▸ The task
Please repeat the data in full, character for character.

Caption-style text data:
..........

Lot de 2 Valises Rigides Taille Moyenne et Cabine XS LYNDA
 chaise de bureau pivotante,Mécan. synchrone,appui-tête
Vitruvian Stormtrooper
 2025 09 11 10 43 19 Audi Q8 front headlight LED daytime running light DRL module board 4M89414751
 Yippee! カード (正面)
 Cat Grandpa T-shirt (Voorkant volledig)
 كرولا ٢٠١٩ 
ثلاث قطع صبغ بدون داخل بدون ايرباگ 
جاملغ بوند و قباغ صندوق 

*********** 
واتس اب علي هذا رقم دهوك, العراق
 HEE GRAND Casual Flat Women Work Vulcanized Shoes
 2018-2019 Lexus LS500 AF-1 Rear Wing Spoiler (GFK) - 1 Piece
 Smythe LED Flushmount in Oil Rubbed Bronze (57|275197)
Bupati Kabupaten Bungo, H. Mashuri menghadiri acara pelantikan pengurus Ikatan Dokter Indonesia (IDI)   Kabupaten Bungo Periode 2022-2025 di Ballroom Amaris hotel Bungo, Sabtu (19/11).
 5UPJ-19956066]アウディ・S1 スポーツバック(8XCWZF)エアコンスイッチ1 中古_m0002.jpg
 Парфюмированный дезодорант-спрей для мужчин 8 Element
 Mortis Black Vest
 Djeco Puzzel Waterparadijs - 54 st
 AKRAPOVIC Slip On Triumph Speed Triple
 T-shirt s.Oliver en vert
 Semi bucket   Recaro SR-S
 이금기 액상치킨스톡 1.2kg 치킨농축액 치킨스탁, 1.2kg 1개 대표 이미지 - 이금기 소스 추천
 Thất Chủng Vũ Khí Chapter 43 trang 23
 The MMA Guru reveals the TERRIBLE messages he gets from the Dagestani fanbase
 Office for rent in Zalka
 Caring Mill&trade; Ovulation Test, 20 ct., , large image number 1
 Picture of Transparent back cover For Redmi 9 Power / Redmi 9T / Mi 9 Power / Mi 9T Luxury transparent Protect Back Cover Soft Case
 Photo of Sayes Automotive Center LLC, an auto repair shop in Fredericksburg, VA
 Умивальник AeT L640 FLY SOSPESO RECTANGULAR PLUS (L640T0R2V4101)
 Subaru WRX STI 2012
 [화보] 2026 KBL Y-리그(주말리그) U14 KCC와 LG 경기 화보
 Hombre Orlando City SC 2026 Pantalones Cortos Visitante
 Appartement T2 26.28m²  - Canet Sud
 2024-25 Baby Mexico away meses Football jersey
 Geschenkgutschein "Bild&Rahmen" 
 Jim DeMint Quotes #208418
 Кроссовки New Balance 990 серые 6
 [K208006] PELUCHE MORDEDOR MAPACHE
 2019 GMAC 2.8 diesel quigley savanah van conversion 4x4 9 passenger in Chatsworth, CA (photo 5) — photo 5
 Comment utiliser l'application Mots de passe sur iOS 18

..........

▸ Solution to the problem
Lot de 2 Valises Rigides Taille Moyenne et Cabine XS LYNDA
 chaise de bureau pivotante,Mécan. synchrone,appui-tête
Vitruvian Stormtrooper
 2025 09 11 10 43 19 Audi Q8 front headlight LED daytime running light DRL module board 4M89414751
 Yippee! カード (正面)
 Cat Grandpa T-shirt (Voorkant volledig)
 كرولا ٢٠١٩ 
ثلاث قطع صبغ بدون داخل بدون ايرباگ 
جاملغ بوند و قباغ صندوق 

*********** 
واتس اب علي هذا رقم دهوك, العراق
 HEE GRAND Casual Flat Women Work Vulcanized Shoes
 2018-2019 Lexus LS500 AF-1 Rear Wing Spoiler (GFK) - 1 Piece
 Smythe LED Flushmount in Oil Rubbed Bronze (57|275197)
Bupati Kabupaten Bungo, H. Mashuri menghadiri acara pelantikan pengurus Ikatan Dokter Indonesia (IDI)   Kabupaten Bungo Periode 2022-2025 di Ballroom Amaris hotel Bungo, Sabtu (19/11).
 5UPJ-19956066]アウディ・S1 スポーツバック(8XCWZF)エアコンスイッチ1 中古_m0002.jpg
 Парфюмированный дезодорант-спрей для мужчин 8 Element
 Mortis Black Vest
 Djeco Puzzel Waterparadijs - 54 st
 AKRAPOVIC Slip On Triumph Speed Triple
 T-shirt s.Oliver en vert
 Semi bucket   Recaro SR-S
 이금기 액상치킨스톡 1.2kg 치킨농축액 치킨스탁, 1.2kg 1개 대표 이미지 - 이금기 소스 추천
 Thất Chủng Vũ Khí Chapter 43 trang 23
 The MMA Guru reveals the TERRIBLE messages he gets from the Dagestani fanbase
 Office for rent in Zalka
 Caring Mill&trade; Ovulation Test, 20 ct., , large image number 1
 Picture of Transparent back cover For Redmi 9 Power / Redmi 9T / Mi 9 Power / Mi 9T Luxury transparent Protect Back Cover Soft Case
 Photo of Sayes Automotive Center LLC, an auto repair shop in Fredericksburg, VA
 Умивальник AeT L640 FLY SOSPESO RECTANGULAR PLUS (L640T0R2V4101)
 Subaru WRX STI 2012
 [화보] 2026 KBL Y-리그(주말리그) U14 KCC와 LG 경기 화보
 Hombre Orlando City SC 2026 Pantalones Cortos Visitante
 Appartement T2 26.28m²  - Canet Sud
 2024-25 Baby Mexico away meses Football jersey
 Geschenkgutschein "Bild&Rahmen" 
 Jim DeMint Quotes #208418
 Кроссовки New Balance 990 серые 6
 [K208006] PELUCHE MORDEDOR MAPACHE
 2019 GMAC 2.8 diesel quigley savanah van conversion 4x4 9 passenger in Chatsworth, CA (photo 5) — photo 5
 Comment utiliser l'application Mots de passe sur iOS 18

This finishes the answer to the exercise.